ANNUAL LOURDES DAY MASSCELEBRATED BY ARCHBISHOP DENIS HARTAT SAINT PATRICK’S CATHEDRAL, MELBOURNE,ON SATURDAY, 3 DECEMBER 2011 AT 10.30AM
Dear Brothers and Sisters,
I welcome you all to this special Mass for the Sick and Elderly, drawing as it does on the remarkable power of Lourdes and the loving care of Mary our Mother, which shines forth from that special place of pilgrimage.
With deep gratitude for the assistance of the Order of Malta, I ask that we all enter into this Mass, praying especially for our sick and elderly brothers and sisters that their share in the passion of Christ may lead to resurrection and that this Mass and the sprinkling with Lourdes water after Mass may bring peace, healing and comfort.
Brothers and sisters, let us acknowledge our sins and so prepare ourselves to celebrate the sacred mysteries.
In the same way that we celebrate the memorial of Our Lady of Lourdes on 11 February throughout the Church, this special celebration under Our Lady’s patronage helps us to enter into the mystery of suffering to be more sensitive to our sick brothers and sisters.
In his message for the World Day of the Sick Pope Benedict uses the telling words: “If every person is our brother, how much more must the sick, the suffering and those in need of care be at the centre of our attention, so that none of them feels forgotten or marginalised.”

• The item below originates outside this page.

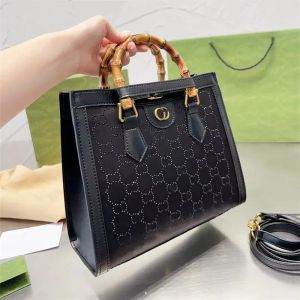 Glittering Diamond Bamboo Designer Diana Beading Crossbody Tote Bag Beads Handbag Shoulder Bags Totes S Handbags Leather Purse Wallet 2310173D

Many people here have hidden sufferings. Pope John Paul II said in his letter, Spe Salvi: “The true measure of humanity is essentially determined in relationship to suffering and to the sufferer. This holds true both for the individual and for society. A society unable to accept its suffering members and incapable of helping to share their suffering and to bear it inwardly through compassion is a cruel and inhuman society.” (John Paul II, Spe Salvi, n. 38)
One has only to visit Lourdes or to look at a crucifix to see how suffering is at the centre of our human condition. We know too that Jesus went to the greatest depths of suffering on the cross to unfold for us the limitless nature of God’s personal love for each of us. Saint Peter even wrote: “By his wounds you have been healed.” (1 Peter 2:24) While we know that the apostles shrank back from the idea of Our Lord going to his passion and the two disciples on the road to Emmaus were sad because of the same suffering, they immediately saw them in a new context when Jesus walked beside them on the road. We know too that Thomas who had refused to believe, when shown the wounds of Jesus said: “My Lord and my God.”
Today then is a moment of awareness of suffering and of its transforming power. Pope Benedict said in his message: “It is precisely through the wounds of Christ that we are able to see with eyes of hope all the burdens that affect humanity. In rising again the Lord did not remove suffering and evil from the world, but he defeated them at their root. He opposed the arrogance of evil with the omnipotence of his love. He has shown us that the way of peace and joy is love: ‘Just as I have loved you, you also should love one another’.” (John 13:34)
So when we see people suffering we turn to Christ and see the purpose of suffering because God suffers with each of us. Saint Bernard even says: “Jesus became man so that he could suffer with man in a real way in flesh and blood. To every human suffering there has entered one who shares suffering and endurance and gives God’s participating love so as to make the star of hope rise.”
Today, dear friends, as we meet Jesus in the Eucharist where he comes as food for our journey we recognise and serve him in the poor and in the sick, building bridges of love and solidarity so that no one feels alone, but near to God. My dear people, may you feel the nearness of Jesus’ heart, full of love and say in the prayer of Saint Ignatius: “Water of the side of Christ wash me, Passion of Christ strengthen me. O good Jesus, hear my prayers In your wounds hide me.” (Prayer of St Ignatius of Loyola)
+ Denis J. Hart,ARCHBISHOP OF MELBOURNE.